> _ABOUT THIS EXERCISE_: Will you return, word for word, only the lines from the top of the data below down to and including the one with "image for item 5687"?

> _EXTRACTED MATERIAL_:
══════
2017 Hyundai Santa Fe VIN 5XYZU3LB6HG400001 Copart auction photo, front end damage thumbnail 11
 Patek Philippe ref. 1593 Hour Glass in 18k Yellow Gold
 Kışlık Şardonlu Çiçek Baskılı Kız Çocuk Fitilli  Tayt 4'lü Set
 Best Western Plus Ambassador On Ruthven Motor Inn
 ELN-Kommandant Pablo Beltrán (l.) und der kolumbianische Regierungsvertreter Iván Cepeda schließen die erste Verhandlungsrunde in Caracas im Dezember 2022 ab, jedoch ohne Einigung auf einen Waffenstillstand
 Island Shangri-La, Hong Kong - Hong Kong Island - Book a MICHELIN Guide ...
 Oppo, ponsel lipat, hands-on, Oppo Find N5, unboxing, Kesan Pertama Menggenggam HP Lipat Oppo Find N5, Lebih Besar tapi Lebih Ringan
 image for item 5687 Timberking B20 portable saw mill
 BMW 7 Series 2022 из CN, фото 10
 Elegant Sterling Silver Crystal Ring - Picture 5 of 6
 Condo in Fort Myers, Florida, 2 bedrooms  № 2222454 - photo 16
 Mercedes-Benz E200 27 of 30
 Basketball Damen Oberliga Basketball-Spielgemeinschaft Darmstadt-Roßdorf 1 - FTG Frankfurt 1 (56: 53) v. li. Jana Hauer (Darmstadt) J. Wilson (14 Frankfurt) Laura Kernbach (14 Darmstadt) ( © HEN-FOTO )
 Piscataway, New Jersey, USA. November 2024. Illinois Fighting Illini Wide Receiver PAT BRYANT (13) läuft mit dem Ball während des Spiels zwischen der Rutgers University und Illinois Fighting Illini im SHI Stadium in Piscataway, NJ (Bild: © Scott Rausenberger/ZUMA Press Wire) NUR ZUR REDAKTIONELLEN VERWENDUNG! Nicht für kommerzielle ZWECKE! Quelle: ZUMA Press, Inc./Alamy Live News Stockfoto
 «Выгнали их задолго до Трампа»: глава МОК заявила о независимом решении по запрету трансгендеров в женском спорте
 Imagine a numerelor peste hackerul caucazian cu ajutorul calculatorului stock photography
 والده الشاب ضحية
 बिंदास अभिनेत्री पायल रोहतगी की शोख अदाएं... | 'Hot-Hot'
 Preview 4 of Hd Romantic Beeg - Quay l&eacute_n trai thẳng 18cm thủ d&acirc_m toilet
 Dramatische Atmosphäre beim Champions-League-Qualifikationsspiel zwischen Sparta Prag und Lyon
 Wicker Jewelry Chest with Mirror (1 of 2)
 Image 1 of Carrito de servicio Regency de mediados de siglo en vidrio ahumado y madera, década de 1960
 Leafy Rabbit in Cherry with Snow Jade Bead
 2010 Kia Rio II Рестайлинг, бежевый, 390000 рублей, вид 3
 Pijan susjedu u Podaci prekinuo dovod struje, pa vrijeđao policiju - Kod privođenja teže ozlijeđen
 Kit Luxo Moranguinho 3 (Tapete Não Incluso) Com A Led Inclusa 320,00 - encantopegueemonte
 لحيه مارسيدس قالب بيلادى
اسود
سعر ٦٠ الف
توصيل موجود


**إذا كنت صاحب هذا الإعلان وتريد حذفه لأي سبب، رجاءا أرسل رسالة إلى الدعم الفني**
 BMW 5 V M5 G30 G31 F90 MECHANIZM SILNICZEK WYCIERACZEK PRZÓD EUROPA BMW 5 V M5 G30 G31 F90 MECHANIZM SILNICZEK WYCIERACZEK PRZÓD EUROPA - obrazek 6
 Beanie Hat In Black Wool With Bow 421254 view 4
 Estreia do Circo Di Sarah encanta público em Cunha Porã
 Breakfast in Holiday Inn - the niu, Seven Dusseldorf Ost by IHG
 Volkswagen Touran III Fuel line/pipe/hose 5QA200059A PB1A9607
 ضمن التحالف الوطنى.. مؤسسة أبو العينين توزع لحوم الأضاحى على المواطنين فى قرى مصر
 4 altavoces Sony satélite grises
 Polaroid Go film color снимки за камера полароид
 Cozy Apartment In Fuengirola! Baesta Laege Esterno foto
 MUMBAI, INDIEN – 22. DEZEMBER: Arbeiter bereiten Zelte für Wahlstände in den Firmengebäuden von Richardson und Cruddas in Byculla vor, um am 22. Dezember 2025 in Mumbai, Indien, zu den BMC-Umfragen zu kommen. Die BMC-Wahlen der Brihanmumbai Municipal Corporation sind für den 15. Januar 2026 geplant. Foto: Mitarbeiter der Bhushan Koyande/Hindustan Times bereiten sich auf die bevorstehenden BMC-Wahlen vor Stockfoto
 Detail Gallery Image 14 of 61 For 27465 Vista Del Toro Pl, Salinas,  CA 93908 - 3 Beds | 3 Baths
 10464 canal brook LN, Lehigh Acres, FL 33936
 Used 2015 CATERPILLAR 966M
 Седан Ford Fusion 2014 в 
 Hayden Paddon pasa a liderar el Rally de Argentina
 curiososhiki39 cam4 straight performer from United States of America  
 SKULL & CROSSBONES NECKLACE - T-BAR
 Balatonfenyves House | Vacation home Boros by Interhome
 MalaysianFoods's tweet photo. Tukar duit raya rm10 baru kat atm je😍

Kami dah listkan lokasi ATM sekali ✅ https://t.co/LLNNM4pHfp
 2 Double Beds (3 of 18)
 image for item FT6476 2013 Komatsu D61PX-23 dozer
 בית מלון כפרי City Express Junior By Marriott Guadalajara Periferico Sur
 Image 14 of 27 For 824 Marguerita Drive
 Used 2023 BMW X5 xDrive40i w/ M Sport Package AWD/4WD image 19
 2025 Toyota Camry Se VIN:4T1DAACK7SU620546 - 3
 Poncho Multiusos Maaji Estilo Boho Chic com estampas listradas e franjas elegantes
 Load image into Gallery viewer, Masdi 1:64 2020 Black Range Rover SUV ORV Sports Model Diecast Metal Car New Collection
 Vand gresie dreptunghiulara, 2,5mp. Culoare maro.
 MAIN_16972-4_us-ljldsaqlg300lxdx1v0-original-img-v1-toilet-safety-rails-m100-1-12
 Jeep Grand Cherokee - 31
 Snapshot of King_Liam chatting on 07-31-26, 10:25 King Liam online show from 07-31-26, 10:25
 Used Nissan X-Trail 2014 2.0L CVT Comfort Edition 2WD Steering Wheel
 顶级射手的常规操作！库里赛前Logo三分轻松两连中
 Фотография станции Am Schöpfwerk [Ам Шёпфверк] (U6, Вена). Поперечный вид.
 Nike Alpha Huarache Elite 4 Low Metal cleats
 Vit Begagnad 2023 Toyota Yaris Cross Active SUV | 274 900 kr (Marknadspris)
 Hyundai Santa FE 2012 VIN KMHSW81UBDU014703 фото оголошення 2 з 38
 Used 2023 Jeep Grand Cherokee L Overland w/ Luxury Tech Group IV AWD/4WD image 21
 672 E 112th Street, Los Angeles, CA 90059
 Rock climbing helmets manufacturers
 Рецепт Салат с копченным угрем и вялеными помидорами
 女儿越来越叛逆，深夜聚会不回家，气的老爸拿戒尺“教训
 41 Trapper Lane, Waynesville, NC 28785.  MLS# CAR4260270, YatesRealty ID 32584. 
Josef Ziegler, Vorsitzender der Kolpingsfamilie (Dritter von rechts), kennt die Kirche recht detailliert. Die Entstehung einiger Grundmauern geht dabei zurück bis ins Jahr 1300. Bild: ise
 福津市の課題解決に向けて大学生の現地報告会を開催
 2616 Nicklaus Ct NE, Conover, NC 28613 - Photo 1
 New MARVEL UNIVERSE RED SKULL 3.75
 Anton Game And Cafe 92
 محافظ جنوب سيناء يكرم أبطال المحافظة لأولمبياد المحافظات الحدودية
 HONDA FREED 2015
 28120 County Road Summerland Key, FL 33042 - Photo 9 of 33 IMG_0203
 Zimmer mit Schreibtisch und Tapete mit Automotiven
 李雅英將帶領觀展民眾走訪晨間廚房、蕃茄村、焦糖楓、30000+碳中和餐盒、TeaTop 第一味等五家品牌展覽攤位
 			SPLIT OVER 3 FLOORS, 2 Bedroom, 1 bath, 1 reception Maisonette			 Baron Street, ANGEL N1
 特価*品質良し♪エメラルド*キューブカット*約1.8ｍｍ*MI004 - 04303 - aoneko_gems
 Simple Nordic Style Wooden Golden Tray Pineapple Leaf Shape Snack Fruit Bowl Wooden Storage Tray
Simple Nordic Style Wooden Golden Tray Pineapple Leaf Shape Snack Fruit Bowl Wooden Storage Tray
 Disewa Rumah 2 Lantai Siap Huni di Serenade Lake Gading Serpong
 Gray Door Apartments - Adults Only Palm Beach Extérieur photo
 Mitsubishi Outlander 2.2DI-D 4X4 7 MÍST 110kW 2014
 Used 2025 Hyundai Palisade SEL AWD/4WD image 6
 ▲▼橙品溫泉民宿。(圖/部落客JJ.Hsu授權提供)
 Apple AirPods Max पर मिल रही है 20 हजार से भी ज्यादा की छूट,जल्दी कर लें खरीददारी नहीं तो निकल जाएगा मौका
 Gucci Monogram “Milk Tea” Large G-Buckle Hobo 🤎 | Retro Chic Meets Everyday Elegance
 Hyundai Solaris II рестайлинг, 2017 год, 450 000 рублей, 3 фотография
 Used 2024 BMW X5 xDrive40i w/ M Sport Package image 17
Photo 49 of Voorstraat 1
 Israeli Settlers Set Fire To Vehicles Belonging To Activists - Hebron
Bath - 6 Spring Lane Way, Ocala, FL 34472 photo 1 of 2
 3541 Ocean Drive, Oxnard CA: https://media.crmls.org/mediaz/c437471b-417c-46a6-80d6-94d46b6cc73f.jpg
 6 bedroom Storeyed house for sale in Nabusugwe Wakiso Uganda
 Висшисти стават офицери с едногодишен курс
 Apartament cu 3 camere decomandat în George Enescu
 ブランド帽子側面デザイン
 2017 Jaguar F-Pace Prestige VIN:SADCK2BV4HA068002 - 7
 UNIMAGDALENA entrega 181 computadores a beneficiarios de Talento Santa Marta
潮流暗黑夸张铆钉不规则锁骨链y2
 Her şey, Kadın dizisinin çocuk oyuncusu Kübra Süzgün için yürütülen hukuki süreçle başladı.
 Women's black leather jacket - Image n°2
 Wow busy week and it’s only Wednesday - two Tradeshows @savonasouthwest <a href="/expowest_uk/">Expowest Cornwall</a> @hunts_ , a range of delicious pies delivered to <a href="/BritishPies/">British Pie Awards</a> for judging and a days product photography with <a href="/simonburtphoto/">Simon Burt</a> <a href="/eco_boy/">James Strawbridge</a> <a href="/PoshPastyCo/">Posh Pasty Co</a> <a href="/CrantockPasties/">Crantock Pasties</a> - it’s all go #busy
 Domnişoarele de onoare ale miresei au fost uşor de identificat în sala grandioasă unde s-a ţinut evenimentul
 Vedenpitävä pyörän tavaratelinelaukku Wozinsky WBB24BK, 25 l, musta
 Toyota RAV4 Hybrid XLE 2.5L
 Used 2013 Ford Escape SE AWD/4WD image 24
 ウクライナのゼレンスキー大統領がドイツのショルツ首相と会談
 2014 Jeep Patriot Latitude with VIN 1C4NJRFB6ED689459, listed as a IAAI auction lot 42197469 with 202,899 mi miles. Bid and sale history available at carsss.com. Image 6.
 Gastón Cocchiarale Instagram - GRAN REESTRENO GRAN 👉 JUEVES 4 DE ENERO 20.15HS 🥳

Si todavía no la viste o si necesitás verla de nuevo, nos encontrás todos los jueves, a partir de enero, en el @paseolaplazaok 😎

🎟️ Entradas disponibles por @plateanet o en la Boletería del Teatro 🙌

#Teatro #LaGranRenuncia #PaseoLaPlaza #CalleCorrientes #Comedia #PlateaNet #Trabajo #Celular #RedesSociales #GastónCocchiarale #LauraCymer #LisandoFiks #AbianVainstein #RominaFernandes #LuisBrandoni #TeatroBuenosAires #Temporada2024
══════
> _ANSWER SECTION_:
2017 Hyundai Santa Fe VIN 5XYZU3LB6HG400001 Copart auction photo, front end damage thumbnail 11
 Patek Philippe ref. 1593 Hour Glass in 18k Yellow Gold
 Kışlık Şardonlu Çiçek Baskılı Kız Çocuk Fitilli  Tayt 4'lü Set
 Best Western Plus Ambassador On Ruthven Motor Inn
 ELN-Kommandant Pablo Beltrán (l.) und der kolumbianische Regierungsvertreter Iván Cepeda schließen die erste Verhandlungsrunde in Caracas im Dezember 2022 ab, jedoch ohne Einigung auf einen Waffenstillstand
 Island Shangri-La, Hong Kong - Hong Kong Island - Book a MICHELIN Guide ...
 Oppo, ponsel lipat, hands-on, Oppo Find N5, unboxing, Kesan Pertama Menggenggam HP Lipat Oppo Find N5, Lebih Besar tapi Lebih Ringan
 image for item 5687 Timberking B20 portable saw mill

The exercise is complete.